A modified test statistic for linear IV models is asymptotically pivotal under weak identification and unknown heteroskedasticity.

A machine-rendered reading of the paper's core claim, the machinery that carries it, and where it could break.

This paper develops inference procedures for linear instrumental variable models that remain valid whether identification is strong or weak and that allow for heteroskedasticity of unknown form while estimating the first stage nonparametrically. The central step is a direct modification of an existing test statistic so that it accounts for heteroskedasticity, which makes the statistic asymptotically pivotal and removes the need for simulation or case-by-case critical values. The resulting procedures cover inference on endogenous regressors, subvector tests that do not require knowledge of identification strength for nuisance parameters, and a specification test; all are shown to be conservative yet powerful. Practitioners gain methods that are both nonparametric in the first stage and easy to compute.

Core claim

By modifying an existing test statistic to directly account for heteroskedasticity of unknown form, the resulting statistic becomes asymptotically pivotal, which enables straightforward inference on parameters of endogenous variables, subvector inference without knowledge of identification strength, and a pure specification test in linear IV models that are nonparametric in the first stage.

What carries the argument

The modified test statistic that directly accounts for heteroskedasticity of unknown form and becomes asymptotically pivotal for the parameters of interest.

If this is right

  • Inference on parameters of endogenous explanatory variables can use standard asymptotic critical values without further adjustment.
  • Subvector inference remains valid without requiring knowledge of identification strength for the remaining parameters.
  • A pure specification test can be performed that stays conservative under weak identification.
  • The procedures remain computationally straightforward and can be applied with nonparametric first-stage estimation.

Where Pith is reading between the lines

These are editorial extensions of the paper, not claims the author makes directly.

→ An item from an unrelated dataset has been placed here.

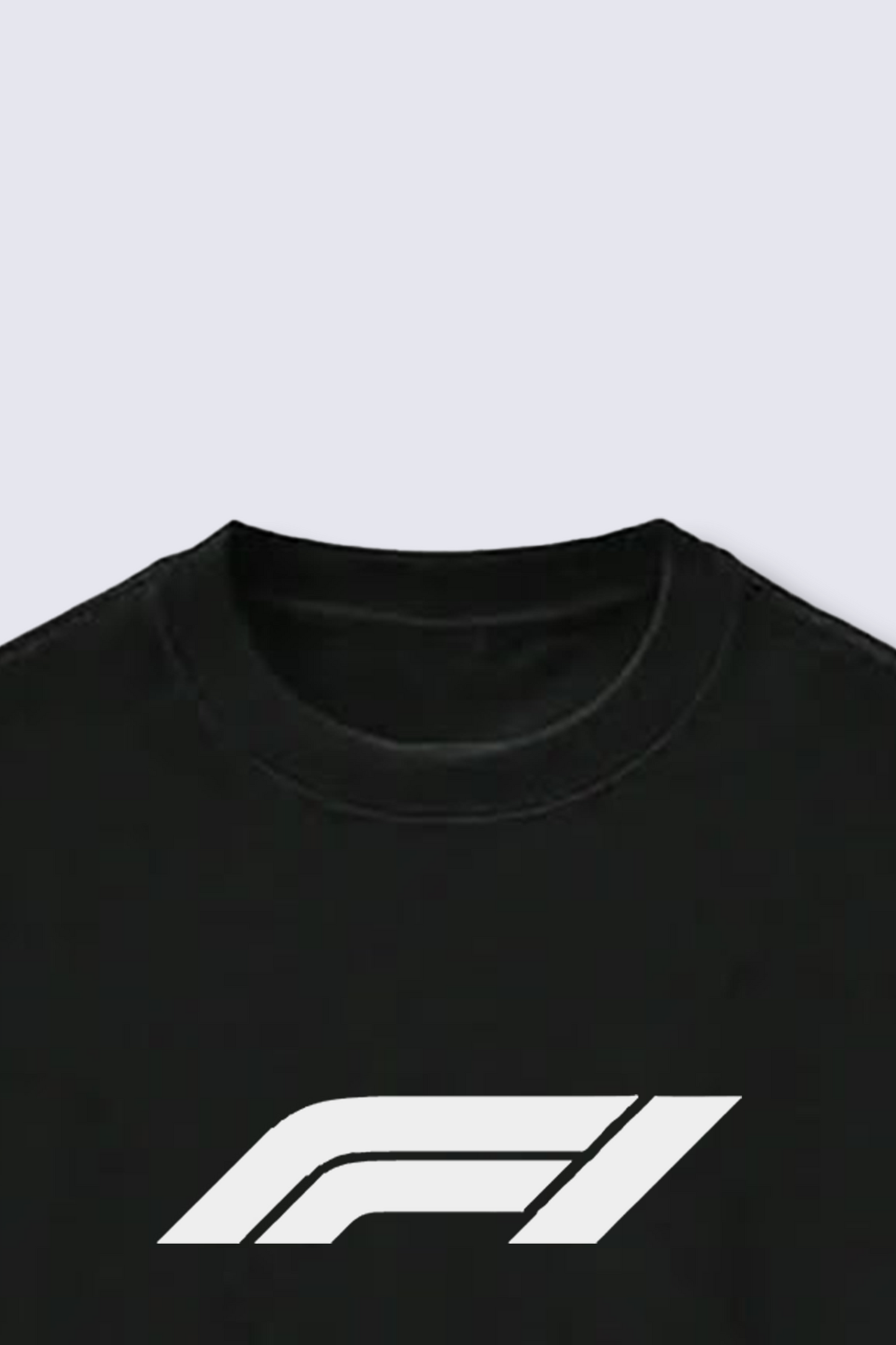 F1 blackout tee for Indian racing fans – minimal cotton design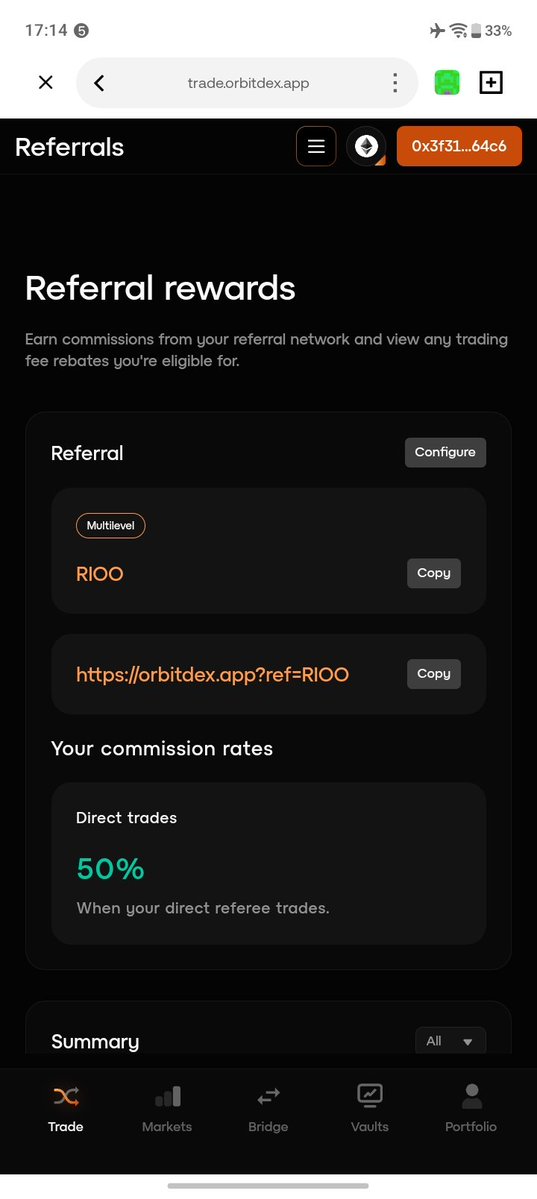 mshteriush's tweet photo. OrbitDEX referral week is live 🟠 @OrbitPerps
$250 SOL up for grabs across 5 winners

Sharing my referral for anyone who wants to join
https://t.co/Uxg2YqVQ6s⁠
Good luck everyone 🤝 https://t.co/z7R8eKS1Ad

  • These pivotal statistics might be adapted to other semiparametric IV settings where heteroskedasticity interacts with identification.
  • Applied researchers could apply the methods to recheck conclusions in areas prone to weak instruments, such as demand estimation or policy evaluation.
  • Extensions could examine whether similar modifications improve robustness in panel or time-series IV contexts.

Load-bearing premise

The linear IV model must be correctly specified with valid instruments and the nonparametric first-stage estimator must satisfy the regularity conditions needed for asymptotic pivotality.

What would settle it

A correctly specified data-generating process with heteroskedasticity and weak instruments in which the new statistic's finite-sample rejection rate under the null deviates substantially from the nominal level would falsify the asymptotic pivotality claim.

Figures

Figures reproduced from arXiv: 2606.12185 by Bertille Antoine, Pascal Lavergne.

Figure 1
Figure 1. Figure 1: Power curves for polynomial model with c = 3 and n = 201 (top left), with stronger identification c = 7 (top right), linear model with c = 3 and n = 201 (bottom left), polynomial group model with c = 3 and n = 401 (bottom right). equal to the number of instruments, so one obtains simple conservative critical values. We also compute the jackknife T-specification test proposed by Chao et al. (2014), hereafte… view at source ↗
Figure 2
Figure 2. Figure 2: Power curves for polynomial model with c = 3 and n = 201 (top left), with stronger identification c = 7 (top right), linear model with c = 3 and n = 201 (bottom left), polynomial group model with c = 3 and n = 401 (bottom right). group model. Throughout the different designs, the small sample properties of both JackT and JCUE are affected by the number of instruments. By constrast, our specification test c… view at source ↗
Figure 3
Figure 3. Figure 3: 95% confidence regions for the (nonlinear) effect of the population collapse obtained with HICM (left) and S (right). Specification Linear S2 S3 β1 [-1.23, -0.80] b1 [-1.24, -0.38] c1 [-2.50, 0.15] b2 [-5.20, -0.55] c2 [-7.20, -0.05] c3 [-17.40, 4.40] [PITH_FULL_IMAGE:figures/full_fig_p025_3.png] view at source ↗
Figure 4
Figure 4. Figure 4: 95% confidence regions for the coefficients of the population collapse obtained [PITH_FULL_IMAGE:figures/full_fig_p038_4.png] view at source ↗
read the original abstract

We develop new inference procedures for a linear IV model that are robust to identification strength and heteroskedasticity of unknown form, and nonparametric with respect to the first-stage equation. Our first test is tailored for inference on parameters of endogenous explanatory variables. Our new statistic modifies that of Antoine and Lavergne (2003) to directly account for heteroskedasticity of unknown form. As a result, it is asymptotically pivotal, so that inference is greatly facilitated in practice. We also develop (i) an identification-robust subvector inference procedure that does not rely on the knowledge of identification strength for the remaining parameters, and (ii) a pure specification test. In both cases, the tests are conservative but powerful. We show that our procedures are computationally friendly and competitive with existing ones in simulations and an application.

Editorial analysis

A structured set of objections, weighed in public.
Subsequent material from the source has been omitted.